EXERCISE BRIEF: The entries follow. Copy every line in which "listopada" appears.

ENTRIES SHOWN:
+++
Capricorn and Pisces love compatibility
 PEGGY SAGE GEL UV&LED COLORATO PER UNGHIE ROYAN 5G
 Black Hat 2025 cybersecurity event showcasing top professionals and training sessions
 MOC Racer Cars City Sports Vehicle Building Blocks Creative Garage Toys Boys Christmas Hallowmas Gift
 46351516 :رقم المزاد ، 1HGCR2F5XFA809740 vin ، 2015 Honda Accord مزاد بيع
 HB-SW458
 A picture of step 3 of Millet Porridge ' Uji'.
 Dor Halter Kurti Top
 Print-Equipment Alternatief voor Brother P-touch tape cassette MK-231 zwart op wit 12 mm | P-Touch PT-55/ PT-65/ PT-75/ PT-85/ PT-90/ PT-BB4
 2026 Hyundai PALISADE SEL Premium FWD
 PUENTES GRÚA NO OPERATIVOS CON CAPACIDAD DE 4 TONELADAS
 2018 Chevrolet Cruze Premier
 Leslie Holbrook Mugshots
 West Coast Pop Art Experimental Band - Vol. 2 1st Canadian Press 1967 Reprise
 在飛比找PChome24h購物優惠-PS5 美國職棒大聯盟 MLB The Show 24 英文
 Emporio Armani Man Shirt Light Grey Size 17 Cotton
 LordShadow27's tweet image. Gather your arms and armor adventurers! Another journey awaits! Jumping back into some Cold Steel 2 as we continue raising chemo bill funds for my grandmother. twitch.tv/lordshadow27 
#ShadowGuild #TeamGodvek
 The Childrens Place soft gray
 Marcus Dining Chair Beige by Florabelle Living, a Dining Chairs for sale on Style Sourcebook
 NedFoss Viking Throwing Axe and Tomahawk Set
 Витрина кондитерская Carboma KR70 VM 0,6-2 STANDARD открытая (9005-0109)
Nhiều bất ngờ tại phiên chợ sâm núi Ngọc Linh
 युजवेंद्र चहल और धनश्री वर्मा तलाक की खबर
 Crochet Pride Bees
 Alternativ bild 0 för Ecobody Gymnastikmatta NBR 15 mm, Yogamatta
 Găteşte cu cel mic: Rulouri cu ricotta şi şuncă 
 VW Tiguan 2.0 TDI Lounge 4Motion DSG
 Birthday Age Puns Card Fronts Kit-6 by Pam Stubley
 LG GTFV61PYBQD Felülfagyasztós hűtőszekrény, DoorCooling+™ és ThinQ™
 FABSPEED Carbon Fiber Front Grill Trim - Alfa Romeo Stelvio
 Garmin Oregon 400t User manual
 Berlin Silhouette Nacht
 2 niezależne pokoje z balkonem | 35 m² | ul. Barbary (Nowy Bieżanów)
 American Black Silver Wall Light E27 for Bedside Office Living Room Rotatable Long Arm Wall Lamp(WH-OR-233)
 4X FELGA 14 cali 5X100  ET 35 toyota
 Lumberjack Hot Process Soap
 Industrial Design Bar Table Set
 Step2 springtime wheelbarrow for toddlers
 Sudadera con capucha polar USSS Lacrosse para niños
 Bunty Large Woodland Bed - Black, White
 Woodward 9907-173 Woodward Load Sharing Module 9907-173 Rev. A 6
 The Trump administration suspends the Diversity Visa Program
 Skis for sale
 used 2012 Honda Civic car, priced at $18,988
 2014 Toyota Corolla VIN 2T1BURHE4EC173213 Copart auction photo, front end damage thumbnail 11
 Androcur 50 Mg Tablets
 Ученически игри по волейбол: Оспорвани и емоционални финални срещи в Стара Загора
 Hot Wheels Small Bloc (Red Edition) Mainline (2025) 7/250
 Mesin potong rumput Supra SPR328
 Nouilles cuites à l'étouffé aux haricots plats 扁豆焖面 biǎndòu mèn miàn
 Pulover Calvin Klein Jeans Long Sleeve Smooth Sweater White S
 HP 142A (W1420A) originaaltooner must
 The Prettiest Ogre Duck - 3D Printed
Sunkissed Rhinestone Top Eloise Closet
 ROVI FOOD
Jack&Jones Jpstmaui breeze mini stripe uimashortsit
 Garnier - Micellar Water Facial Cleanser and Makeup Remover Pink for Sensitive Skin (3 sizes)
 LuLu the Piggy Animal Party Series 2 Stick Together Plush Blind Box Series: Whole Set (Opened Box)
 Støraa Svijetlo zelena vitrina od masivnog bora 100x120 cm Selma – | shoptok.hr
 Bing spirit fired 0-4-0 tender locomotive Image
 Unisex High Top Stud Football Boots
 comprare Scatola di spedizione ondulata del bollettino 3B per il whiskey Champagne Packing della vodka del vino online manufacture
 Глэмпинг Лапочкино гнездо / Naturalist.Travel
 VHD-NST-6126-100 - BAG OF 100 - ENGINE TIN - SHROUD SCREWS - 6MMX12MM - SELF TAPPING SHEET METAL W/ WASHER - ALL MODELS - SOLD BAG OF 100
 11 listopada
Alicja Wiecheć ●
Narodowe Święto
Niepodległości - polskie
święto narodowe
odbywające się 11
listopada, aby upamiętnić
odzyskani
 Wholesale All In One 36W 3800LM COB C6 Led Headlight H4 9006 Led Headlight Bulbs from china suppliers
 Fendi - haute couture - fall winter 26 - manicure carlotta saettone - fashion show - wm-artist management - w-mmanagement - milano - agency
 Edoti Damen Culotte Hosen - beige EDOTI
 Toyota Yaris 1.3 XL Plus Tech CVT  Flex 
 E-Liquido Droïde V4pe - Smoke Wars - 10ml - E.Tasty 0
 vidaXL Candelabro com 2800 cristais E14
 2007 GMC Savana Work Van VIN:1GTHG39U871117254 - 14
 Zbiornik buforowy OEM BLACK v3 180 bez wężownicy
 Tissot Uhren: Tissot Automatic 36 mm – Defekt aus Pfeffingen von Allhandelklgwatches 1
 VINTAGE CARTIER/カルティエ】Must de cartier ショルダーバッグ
+++
WRITTEN SOLUTION:
 11 listopada
listopada, aby upamiętnić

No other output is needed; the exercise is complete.